3. The system as claimed in claim 2, characterized in that the system further comprises means, following the processing means, for converting the estimate of the voice message into a voice control.
4. The system as claimed in claim 3, characterized in that the voice control acts, in return on the stereophonic signal sources.
5. The system as claimed in claim 2, wherein the system is a teleconference system comprising a transmitting station and a receiving station interconnected by at least an up channel and at least a down channel, the transmitting and receiving stations each comprising at least two microphones and at least two loudspeakers broadcasting two stereophonic signals, characterized in that the processing means eliminates undesirable echoes generated by the stereophonic signals arriving at the transmitting station and coming from the receiving station, the transmitting station transmitting, in stereo, only the estimates of the local voice message to the loudspeakers of the receiving station.
1. Field of the Invention
The invention relates to a signal transmission system comprising processing means for isolating an estimate for at least one wanted signal contained in at least one mixed signal, at least one sensor for detecting the mixed signal, the mixed signal comprising at least the wanted signal and at least two correlated interference signals which are produced by two sources of the system in response respectively to two correlated electric signals.
This signal transmission system may in turn relate to an audio signal broadcasting system present, for example, in a motor car or in a room. The system comprises a sound source formed, for example, by a car radio, a compact disc reader, a television receiver, a hifi system or by other stereophonic sound sources.

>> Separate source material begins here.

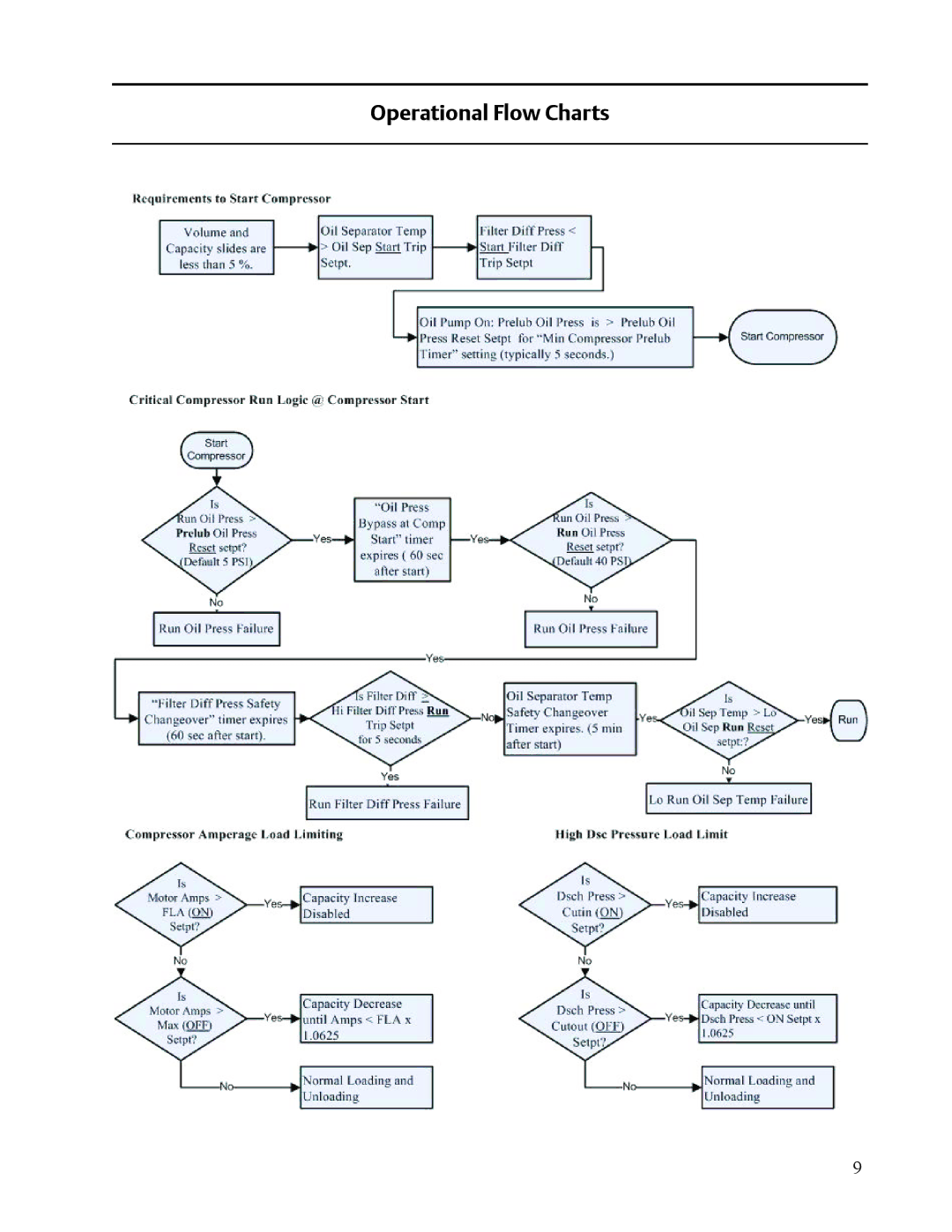 Emerson VISSION 20/20 service manual Operational Flow Charts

The system may include voice recognition which permits a user to give voiced commands for controlling notably the sound source.
This signal transmission system may in turn relate to a teleconference system which comprises a transmitting station which communicates with a receiving station for which stations the conversations captured in the transmitting station are to be recovered in the receiving station without degradation.
This signal transmission system may also relate to systems for which radio broadcast signals arrive by radio link in the form of mixtures on antennas, the radio broadcast signals being locally interfered by noise sources.
2. Description of the Related Art
By way of example, let us consider the case where the wanted signal is a speech signal coming from a person.
A first situation appears in the case of the transmission of conversations via teleconferencing. A microphone installed in a transmitting station captures the voices as well as the ambient noise, and all the sounds thus captured are transmitted to the receiving station. Evidently, the sounds broadcast by loudspeakers situated in the transmitting station and coming from the receiving station, will also be captured and then broadcast to the receiving station and cause undesirable echoes. A solution restricted to certain types of signals is revealed in the document entitled: “Stereophonic Acoustic Echo Cancellation—An Overview of the Fundamental Problem” by M. M. Sondhi, D. R. Morgan, J. L. Hall, IEEE Signal Processing Letters, Vol. 2, No. 8, 1995, pp. 148-151.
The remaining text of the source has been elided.